Cuando Jesús nos visitó abundó en enseñanzas que hacían comparaciones entre las bellezas de la creación y los misterios de su Reino. Habló de la semilla, del trigo, de la cizaña, de la vid, de los lirios, del olivo, de la siembra, del aceite, de las aves de los cielos, y más. Nos dejó dos sacramentos que requieren de elementos naturales para conmemorarlos, como lo son el pan de trigo, el vino y el agua. Y es central la doctrina cristiana de que él es “el primogénito de toda creación”, y por eso “él es antes de todas las cosas, y todas las cosas en él subsisten” (Col. 2:15,17). La creación no es antropocéntrica, no nos pertenece; es cristocéntrica, pues él es el Señor de todo lo visible. La finalidad de la creación no es hacernos la vida placentera, aunque esto no nos está negado, sino darle a él la gloria. Todos los que nos preciamos de ser cristianos necesitamos entender que todo el daño que le estemos infligiendo a la naturaleza es una negación del señorío de Jesucristo sobre su mundo.

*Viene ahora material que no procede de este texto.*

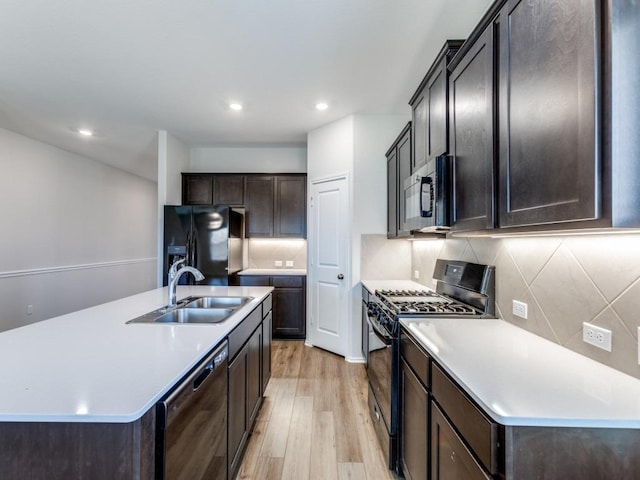 204 Magione St, Hutto, TX 78634 - kitchen featuring black appliances, a sink, light wood-style flooring, decorative backsplash, and dark brown cabinets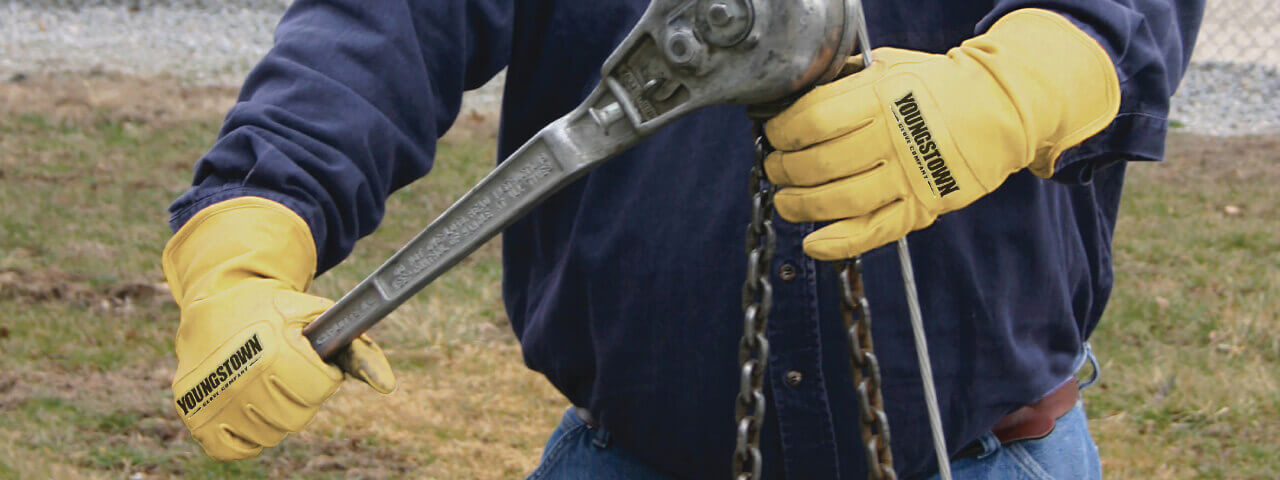 Man wearing Youngstown Arc Rated Gloves working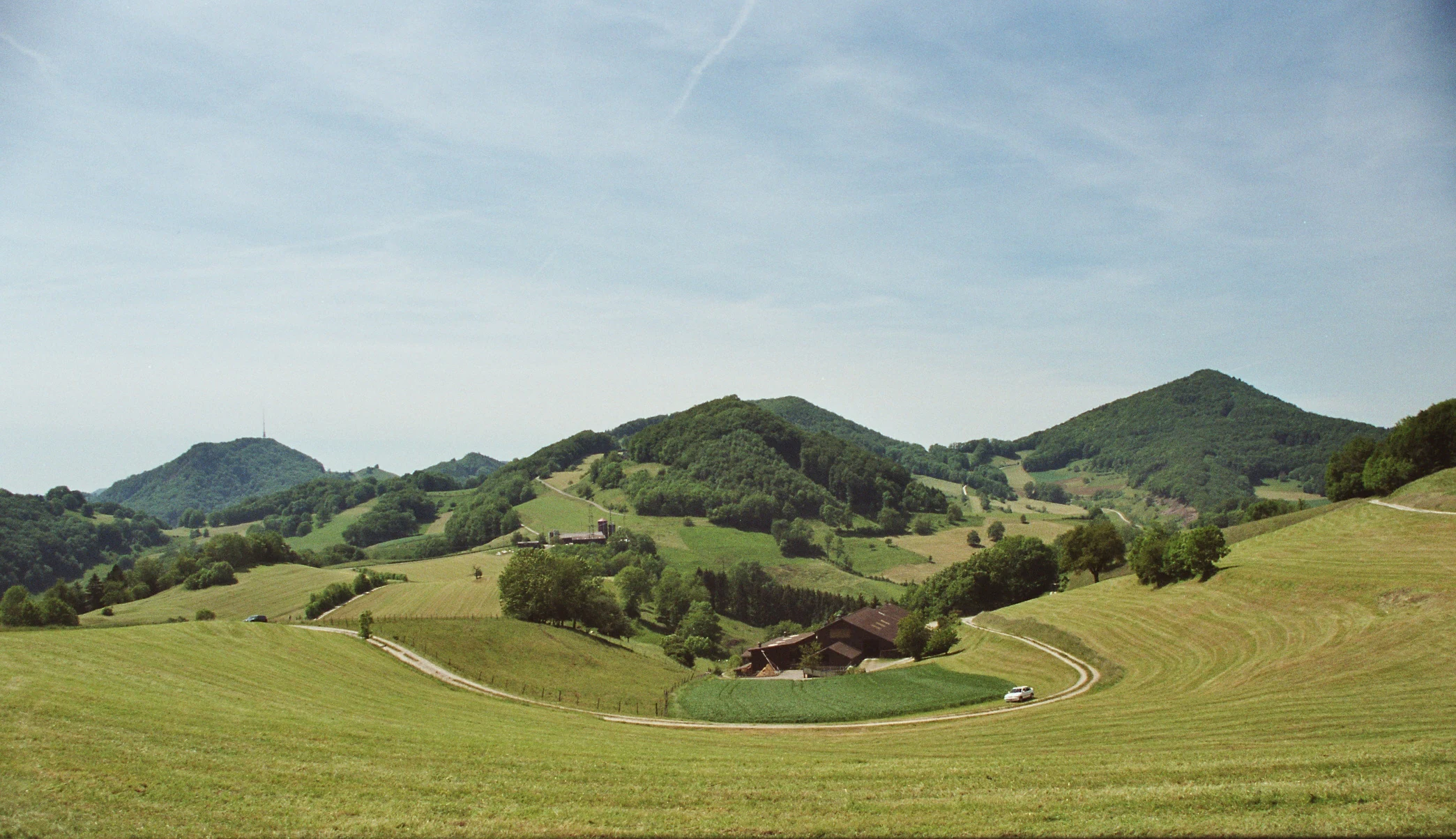 A wide landscape view of rolling green hills, forests, and grassy meadows with a winding road and a small building in the distance under a blue sky.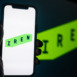Silhouette of Hand Holding iPhone with IREN Logo in Front of Computer Screen Displaying Logo – Energy and Utilities Provider (IREN)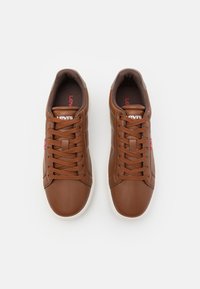 Bruna lädersneakers med runda tår, vita gummisulor och bruna snören. Har Levi's logotyp på tungan och sidan.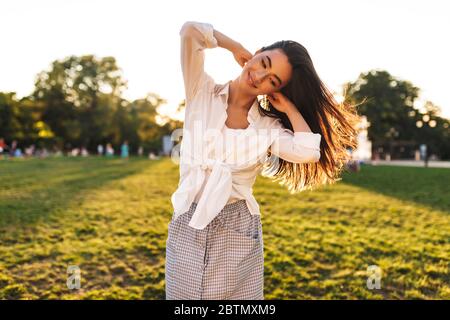 Hübsches lächelndes Mädchen in weißem Hemd, das beim Tanzen im Stadtpark freudig zur Seite schaut Stockfoto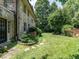 Beautiful backyard with a stone home, lush lawn, manicured landscaping, and mature trees at 2501 Kenmore Dr, Raleigh, NC 27608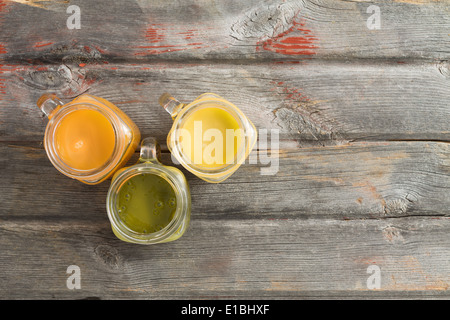 Mangue tropicale rafraîchissante saine orange kiwi jus de fruits servis dans trois verseuses en verre sur une vieille table de pique-nique en bois patiné Banque D'Images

Los arminianos decimos que el hombre está en el mundo de Dios en un estado probatorio. Si no logramos ser fieles en lo poco, jamás se nos confiará lo mucho. Es parte importante de la vida cristiana, además de nuestros servicios de adoración y reuniones de oración con estudio bíblico, el cuidado escrupuloso de la tierra que, desde un principio, se nos dijo que era para labrarla y cuidarla (Gn. 2:15). Los abusos en el uso del agua, el manejo innecesario del plástico, el derroche de papel, la manera como ensuciamos nuestras ciudades, la cacería y la pesca ilegales, la producción de contaminantes, la “fiesta” taurina (negociazo que el Partido Verde no se atrevió a señalar, por lo que se dejó ir sobre los circos), y otros cien atropellos que hacemos sin medir los daños, son cosas que indudablemente saldrán el día del juicio ante Dios. Estamos siendo probados, y se nos ha confiado la tierra para que así le digamos a Dios si nos consideramos mayordomos o señores de su creación, si entendemos que hemos sido invitados a ser compañeros de Jesús para que todas las cosas subsistan en él, o si creemos es nuestro derecho a reclamar para nuestro placer el territorio que hemos pisado con la planta de nuestro pie.